Rhode Island has decided that gambling machine manufacturer International Game Technology (IGT) is a perfect fit for the state’s lottery, as well as its gambling machine market. It has signed a 20-year agreement with the company that is reportedly worth $1 billion, but there’s a problem. It was signed by Rhode Island Governor Gina Raimondo in June without any formal bidding competition, and Twin River Worldwide Holdings isn’t pleased.
According to the Providence Journal, the deal allows IGT to exclusively control the state’s lottery, as well as 85% of the gambling machines at two casinos in Lincoln and Tiverton, both of which are owned by Twin River. In exchange, IGT will pay Rhode Island $25 million and hire around 1,100 employees over the course of the contract. It will also have to invest $150 million into the state over the same 20-year period. Rhode Island gets a new digital lottery system, upgraded slot machines and updates in return.
Twin River is very skeptical of the deal and believes that Rhode Island residents should be very afraid. The company’s executive VP, Marc Crisafulli, said last week that the state is looking at the possible loss of up to $10 billion in gambling revenue as a result of the “lack of [a bidding] process, the absence of any competition, the rushed nature of the deal… and the fact that the deal doesn’t seem to make any business sense.”
Having a virtual monopoly is never good for consumers and Crisafulli explains that IGT’s machines are the worst-operating machines for the company. Twin River currently has three suppliers—Scientific Games (SG), Everi and IGT—and the first two give the casinos more revenue than does IGT. SG machines earn a daily average of $401 per machine—$146,000 annually—of which the state gets $87,000 per machine each year. Everi machines average around $303 apiece each day for $110,000 a year and the state takes $66,000 of that.
However, IGT machines, over the past year, only contributed $258 per machine each day for $94,000 on the year. These gave the state just $56,000 each. As a result, Twin River believes Rhode Island is about to set itself on the path of extreme budget shortcomings.
The company adds, “The Governor cannot side step Rhode Island’s purchasing law. She cannot enter into a no-bid contract without a vote of the Rhode Island House and Senate.
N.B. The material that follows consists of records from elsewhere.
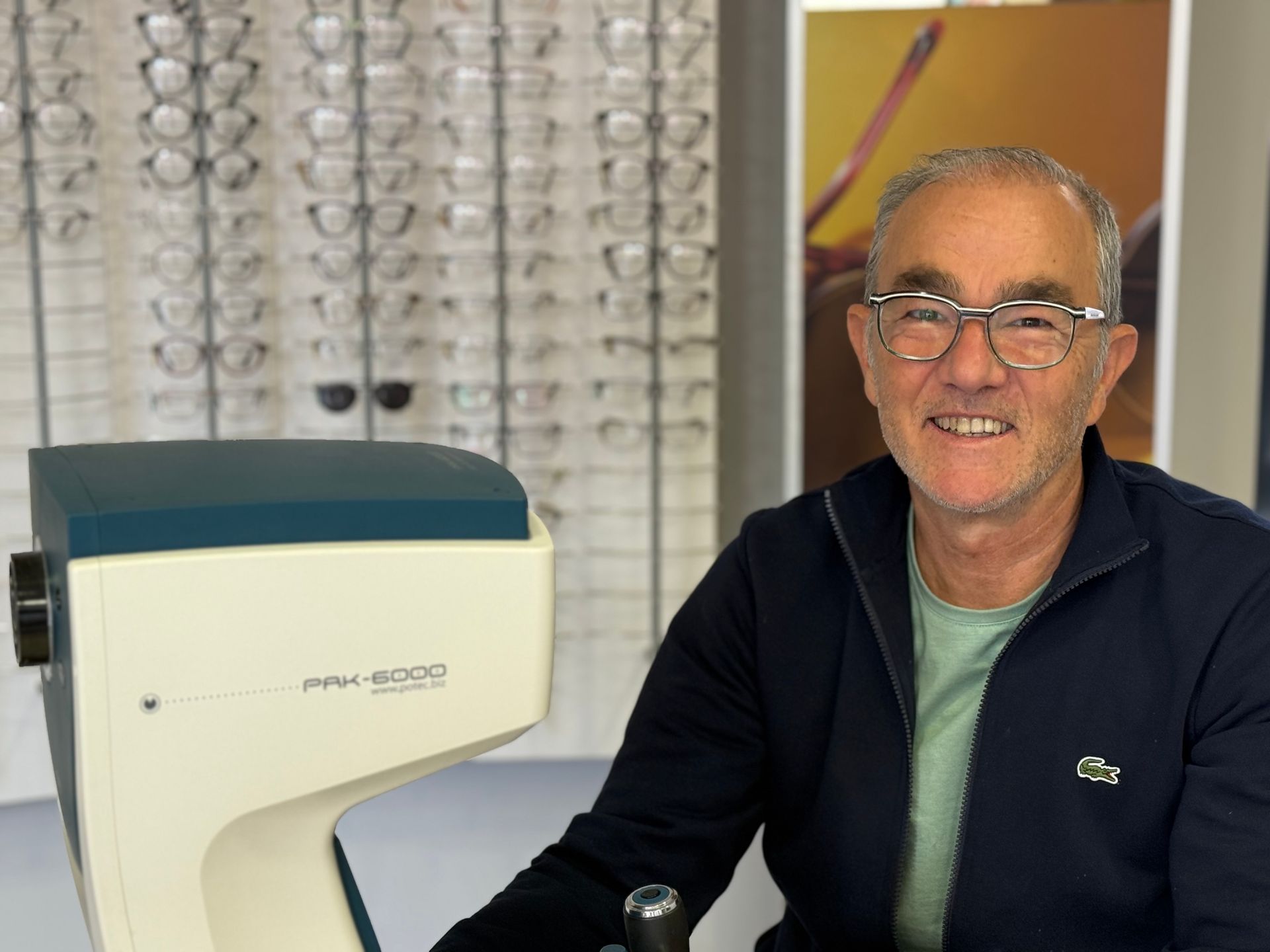 M. Rondot dans sa boutique d'optique.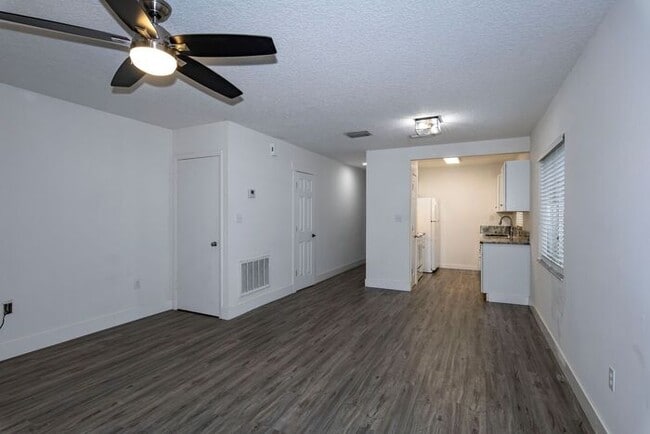 Building Photo - Charming 2BR/2.5BA Townhouse in the Heart of College Park!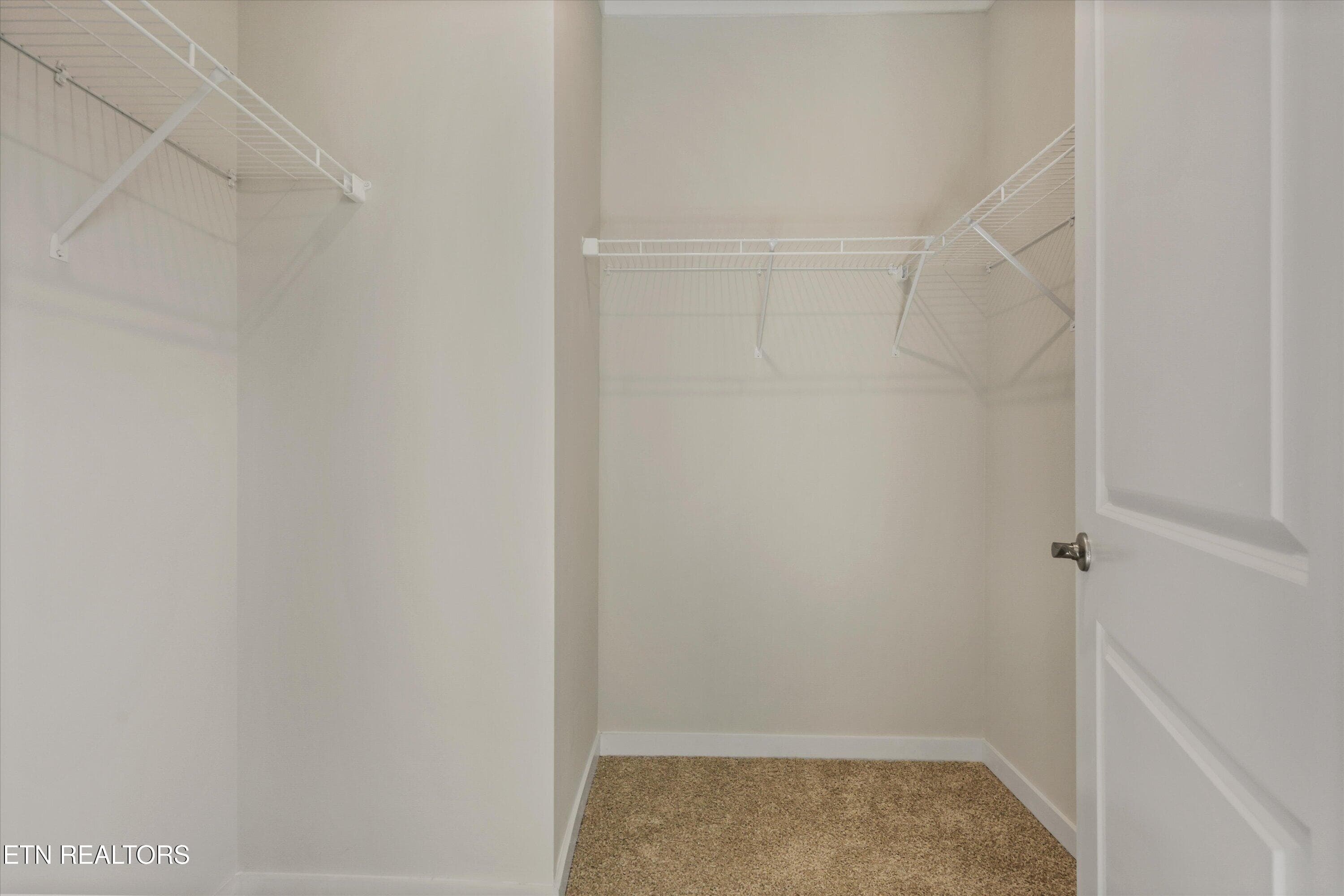 Primary Closet - 450 Federal Ferry Circle, Vonore, TN 37885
We believe that this agreement is not in the interest of the Rhode Island taxpayers. Over the next weeks, we will share with you our concerns and further explain why this is a bad idea.”
Twin River has some time to convince citizens and lawmakers that it’s in the right. Raimondo signed the deal just as the legislative session was ending and it still has to be signed by the House and Senate. They won’t be able to discuss the issue formally until this fall.